Below we give brief extracts from reviews of some of the books written by Andreas Speiser. We list these in chronological order of first editions with reviews of later editions given immediately below the first edition.

**1. Die Theorie der Gruppen von endlicher Ordnung, mit Anwendungen auf algebraische Zahlen und Gleichungen sowie auf die Kristallographie (1923), by Andreas Speiser.**

**1.2. Review by: George Abram Miller.**

*Bull. Amer. Math. Soc.*

**29**(8) (1923), 372.

From the title of the series it is clear that the aim is to deal with fundamental theories rather than to present details. Differences of opinion naturally exist as regards what should be regarded as most fundamental. Some might regard the theory of the Æ-subgroups, which does not appear in the present volume, as more fundamental than some of the theories which do appear. In fact, some readers may not agree with a statement found on page 97 to the effect that the representation of groups by means of substitutions is the most important domain of group theory.

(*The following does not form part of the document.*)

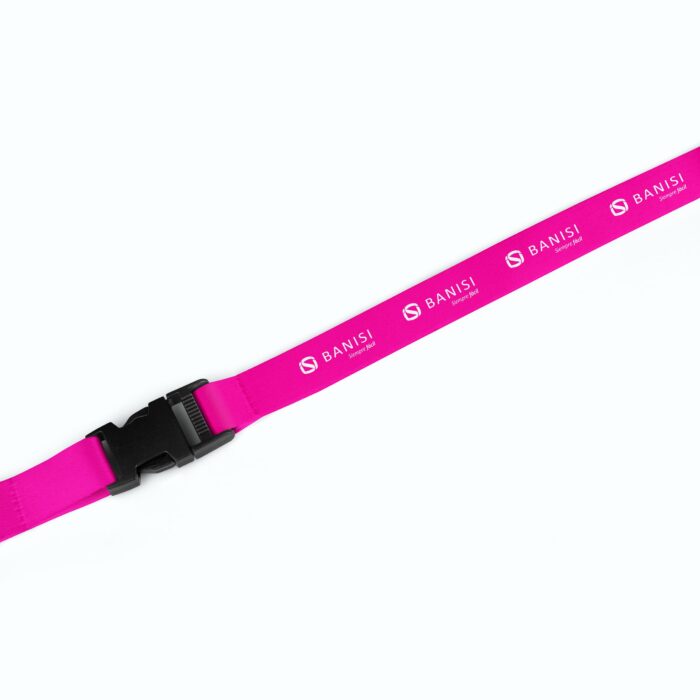 Lanyards Personalizadas Bansi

Most readers will probably agree, however, that the material of the present volume has been, on the whole, wisely selected for the purposes in view, which seem to have included an introduction to the theories due to Frobenius. From this standpoint the present volume is especially useful.

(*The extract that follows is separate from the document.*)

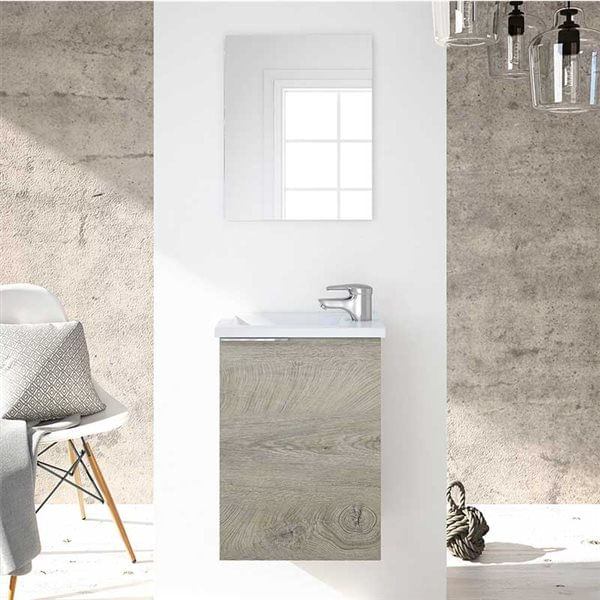 decorar un baño pequeño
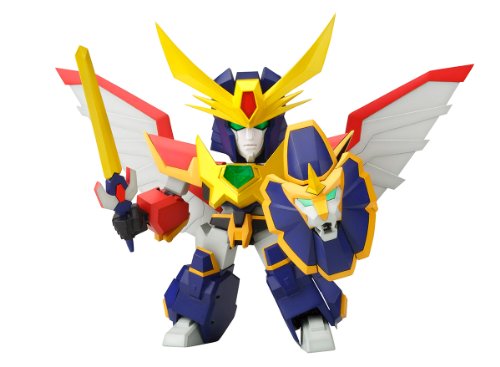 Raijin-Oh D-Style, Zettai Muteki Raijin-Oh-Kotobukiya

**1.3. Review by: George Abram Miller.**

*Amer. Math. Monthly*

**30**(6) (1923), 324-326.

About two years ago there appeared a small volume of 120 pages in the Sammlung Göschen, entitled

*Gruppentheorie,*by Ludwig Baumgartner. The fact that the present volume on the same general subject appeared so soon thereafter seems to indicate that there is now a considerable demand in Germany for new introductory books along this line. This is the more remarkable since the German student was already supplied with various useful expository works, including the two books by Netto, published in 1882 and 1908, and Weber's,*Lehrbuch*der*Algebra.*While the present volume has much in common with these earlier works its main object seems to be to lead the reader rapidly into some of the more modern developments, especially into those inaugurated by Frobenius about 1896. On the whole, the volume under review furnishes a very attractive introduction into some of the most modern developments of the theory of groups of finite order, with emphasis on its applications, and we can only wish it success along with the other volumes of the interesting series to which it belongs now being published under the general editorship of R Courant of the University of Göttingen.**2. Theorie der Gruppen von Endlicher Ordnung (2nd ed.) (1927), by Andreas Speiser.**

**2.1. Review by: Philip Hall.**

*The Mathematical Gazette*

**14**(194) (1928), 148.

The second edition of Professor Speiser's book differs from the first chiefly in the presence of a new chapter, excellently illustrated, on what may be called the theory of wall-paper: as the author remarks, this is probably one of the most ancient branches of mathematics. Apart from this, the treatment of first principles has been somewhat elaborated. The author has succeeded in the astonishing feat of condensing all the principal propositions of the subject into the space of 250 pages. The style is extremely elegant and concise, with a minimum of comment and illustration. ... Altogether the author has written a most valuable book which should stimulate interest in this fascinating theory, so rich in contacts not only with other branches of mathematics but also with the latest speculations of natural philosophy.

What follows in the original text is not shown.